Potential test cases include:

  1. Surface gravity wave: The speed of the surface gravity wave can be compared to the theoretical expectation, as shown in Pal et al. 2023 Appendix A. This could use an aquaplanet domain (flat bottom, no coastlines) to measure the gravity wave speed, and a realistic domain to test boundary conditions and variable-depth bathymetry.

  2. Stommel double gyre: This may be compared to an exact solution in the Cartesian case, as in Pal et al. 2023 Appendix B, or qualitative comparisons for the spherical case using either idealized boundaries or an isolated Atlantic Basin domain.

Tests of realistic global circulation cannot be done with the shallow water equations of Omega-0, but will be part of Omega-1 development with the layered primitive equation model.

5.7 Further tests for Omega-0

Potential additional test cases include the following. These are useful to explore and validate model behavior, but are optional, depending on the time available.

  1. Williamson et al. 1992 as test case 2 or 3, global steady state solutions.
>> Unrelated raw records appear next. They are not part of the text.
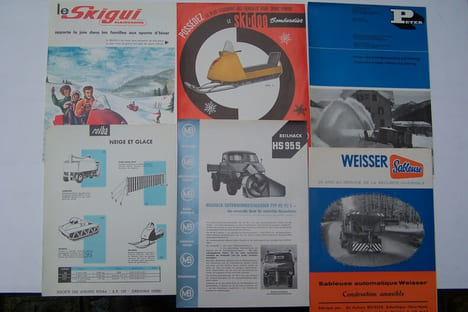 CHASSE-NEIGE, AUTO-NEIGE: Notice TURBO-ASPIRATRICE ROLBA TA33 équipée de trompes système BERTIN. SNOWBLAST Highspeed Rotary Model R-2200A. LARVEN ...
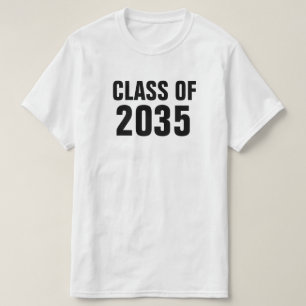 2035年のクラス-子供へ大人のワイシャツに育つため! Tシャツ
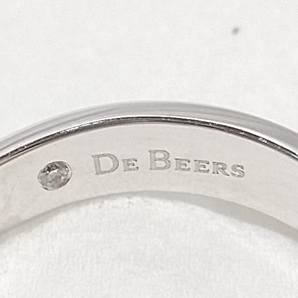 【新品仕上済み】 【カード型鑑別書付き】DEBEERS デビアス K18WG (総3.1g) 天然 ダイヤ ＃11.5 リング 指輪の画像5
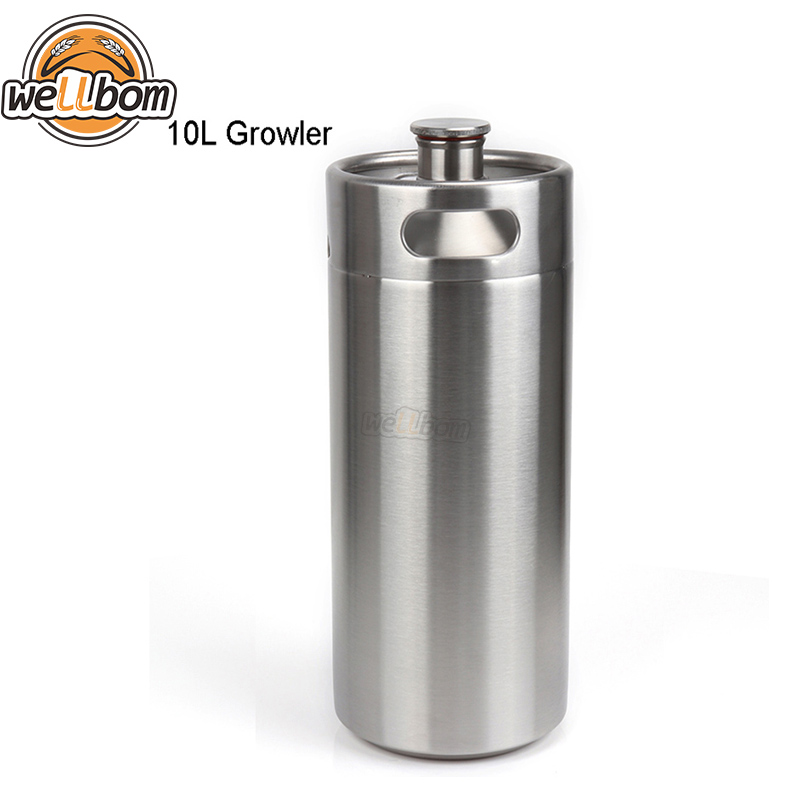 Stainless Steel 10L Beer Keg Growler Wine Pot Unbreakable Home Brewing Beer Making Bar Tool,Tumi - The official and most comprehensive assortment of travel, business, handbags, wallets and more.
  2. Global case with unstable jet Galewsky et al. 2003

References

Cushman‐Roisin, B., & Beckers, J.‐M. (2011). Introduction to geophysical fluid dynamics: Physical and numerical aspects. Academic press.

Gill, A. E. (2016). Atmosphere—Ocean dynamics. Elsevier.

Pedlosky, J. (1987). Geophysical fluid dynamics (Vol. 710). Springer.

Vallis, G. K. (2017). Atmospheric and oceanic fluid dynamics. Cambridge University Press.